This year looks like being a better year for the UK's economy than for the eurozone's. Latest purchasing managers' surveys show that UK manufacturing activity is now rising while the euro area's is falling, which is consistent with economists' forecasts that UK real GDP will grow by around 1 per cent this year while the euro area's will probably stagnate.
It's tempting to think that this is a reason to favour smaller UK stocks over larger ones, as small caps are generally more domestically-oriented than global FTSE 100 companies. History, however, suggests this would be dangerous.
This is because the correlation between UK small caps and UK industrial production, relative to the euro area's, is actually negative: for annual changes, the correlation coefficient has been minus 0.31 since January 2000. This tells us that when UK output grows faster than euro area output, small caps are more likely to fall than rise. Not certain to fall, note, but more likely than not.

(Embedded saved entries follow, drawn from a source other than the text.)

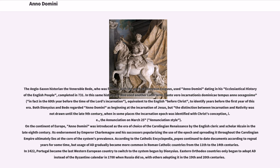On the continent of Europe, Anno Domini was introduced as the era of choice of the Carolingian Renaissance by the English cleric and scholar Alcuin in the late 8th century. Its endorsement by Emperor Charlemagne and his successors popularized the use of the epoch and spread it throughout the Carolingian Empire, ultimately lying at the core of the system's prevalence. According to the Catholic Encyclopedia, popes continued to date documents according to regnal years for some time, but usage of AD gradually became more common in Roman Catholic countries from the 11th to the 14th centuries. In 1422, Portugal became the last Western European country to switch to the system. Eastern Orthodox countries only began to adopt it instead of the Byzantine calendar in 1700 when Russia did so, with others adopting it in the 19th and 20th centuries.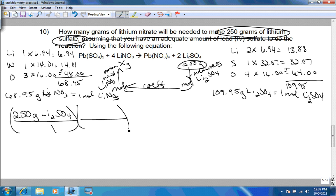Now we have it in moles of lithium nitrate. Since the question asks for grams, we use the molar mass: one mole of lithium nitrate equals 68.95 grams. So 250 divided by 109.95, times 4 divided by 2, times 68.95 equals 313.55 grams, which rounds to 310 grams of lithium nitrate. And that is the end of the stoichiometry practice problems worksheet.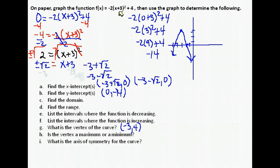For the domain: with quadratics it's typically all real numbers. For the range, we look at the graph. It opens downward, and the vertex is at (-3, 4), so 4 is as high as our y values get. The range is from negative infinity to 4, including 4.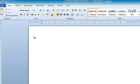In this demonstration, I'm going to show how to start a new APA paper in Word 2010 using Reference Point Software's APA template.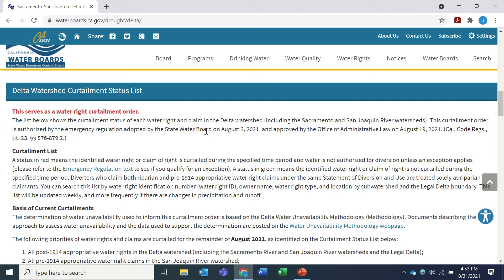Please read this text carefully, as it explains how to use the curtailment status list and the basis on which these curtailments are made: the Delta Water Unavailability methodology.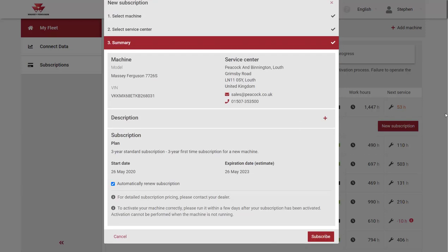Use the summary statement to verify your machine details, service centre selection and the service plan. And finally click subscribe.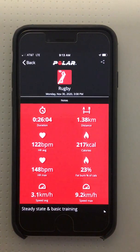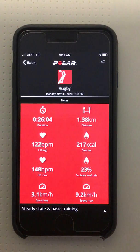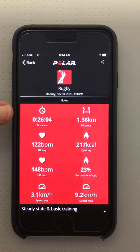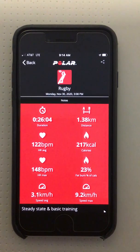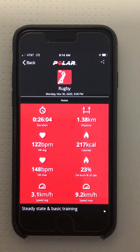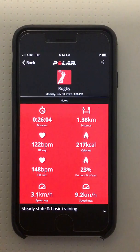This is the session data of a previous patient, a 40-year-old male. His heart rate max was determined to be 180 — that's what we programmed into the app before the session. The total session duration was 26 minutes and 4 seconds. The patient's average heart rate during the session was 122 and his maximum heart rate was 148.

There's a simple reason for this. UK output is massively correlated with euro area output; for annual changes in the two, the correlation has been 0.92 since January 2000. This means that when the euro area does badly, so too does the UK. And it's in these circumstances that UK output is likely to outperform the eurozone, because our output is less cyclical than theirs. In 2009, for example, UK output fell less than the eurozone's, in part because the latter tends to specialise more than the UK in very cyclical industrial goods.
This implies that the circumstances in which the UK economy outperforms the eurozone are likely to be circumstances in which investors are worrying about global growth generally. These are conditions in which shares do badly - so small caps fall.

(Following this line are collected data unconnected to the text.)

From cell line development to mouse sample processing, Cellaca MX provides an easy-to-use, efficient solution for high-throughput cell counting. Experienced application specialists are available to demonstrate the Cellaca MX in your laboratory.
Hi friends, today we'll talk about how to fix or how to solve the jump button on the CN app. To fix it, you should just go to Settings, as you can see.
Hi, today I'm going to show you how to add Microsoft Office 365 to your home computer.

What's more, history suggests that the odds of them outperforming large stocks are in such circumstances are no better than 50:50. This is because when investors worry about global growth, they tend to prefer familiar big-name stocks, and this offsets the advantage small caps have of being exposed more towards the safer UK economy.

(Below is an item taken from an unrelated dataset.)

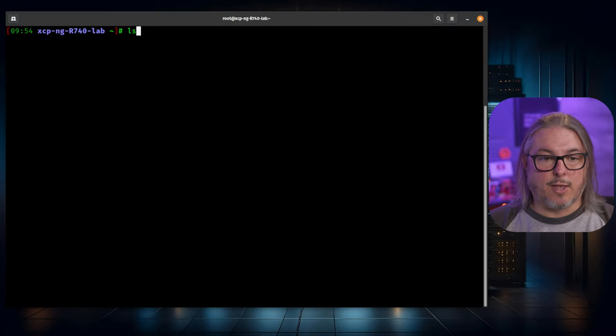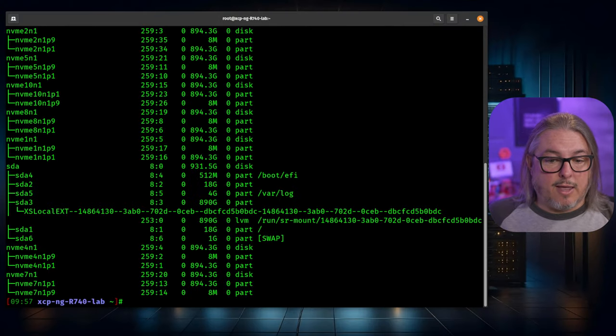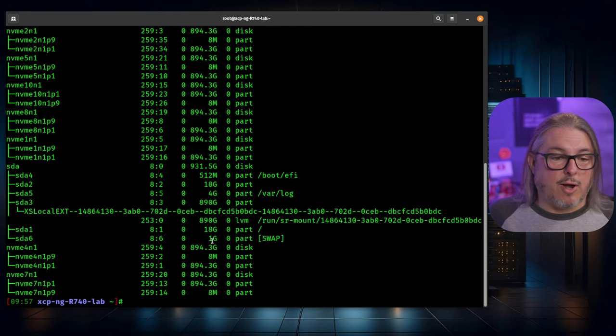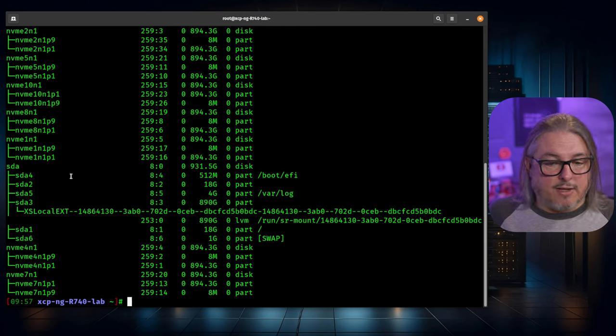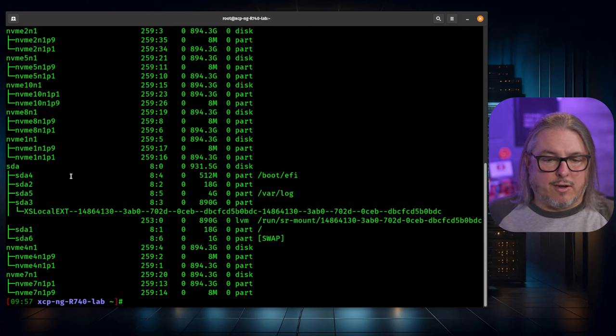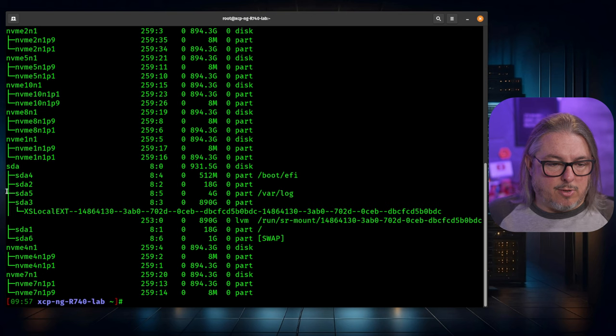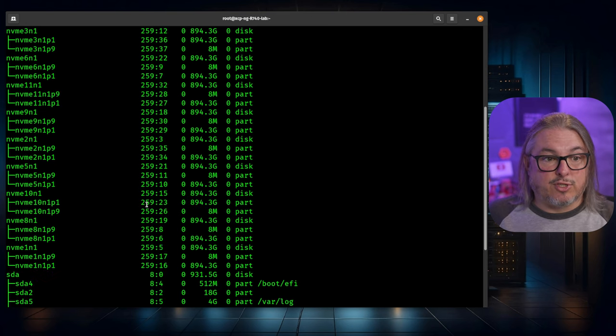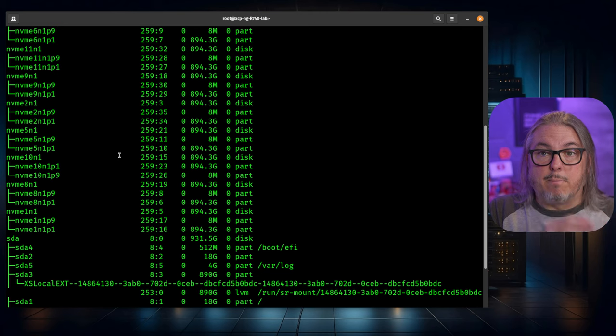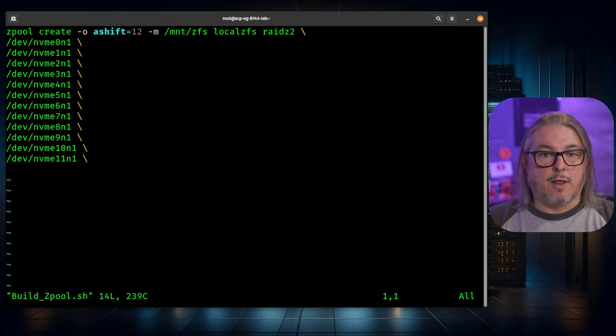That part is pretty simple. We're just going to go LSBLK to list our block devices. We see I have a bunch of NVMe drives and some standard SATA. The standard SATA, there's only one in here, and that's already mounted. That's where I have installed XCPNG. Now we're going to group together these drives and build them out into a ZFS array.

The message here is simple. Worries about the eurozone are no reason to favour small caps. Euro-pessimists should be light on equities generally, and hold more cash and better-quality bonds.
Conversely, the best hope for small caps would be a eurozone recovery, as this would improve sentiment towards equities generally. Most economists expect such a recovery later this year. It is if they are right - and it is an 'if' - that small caps are more likely to do well.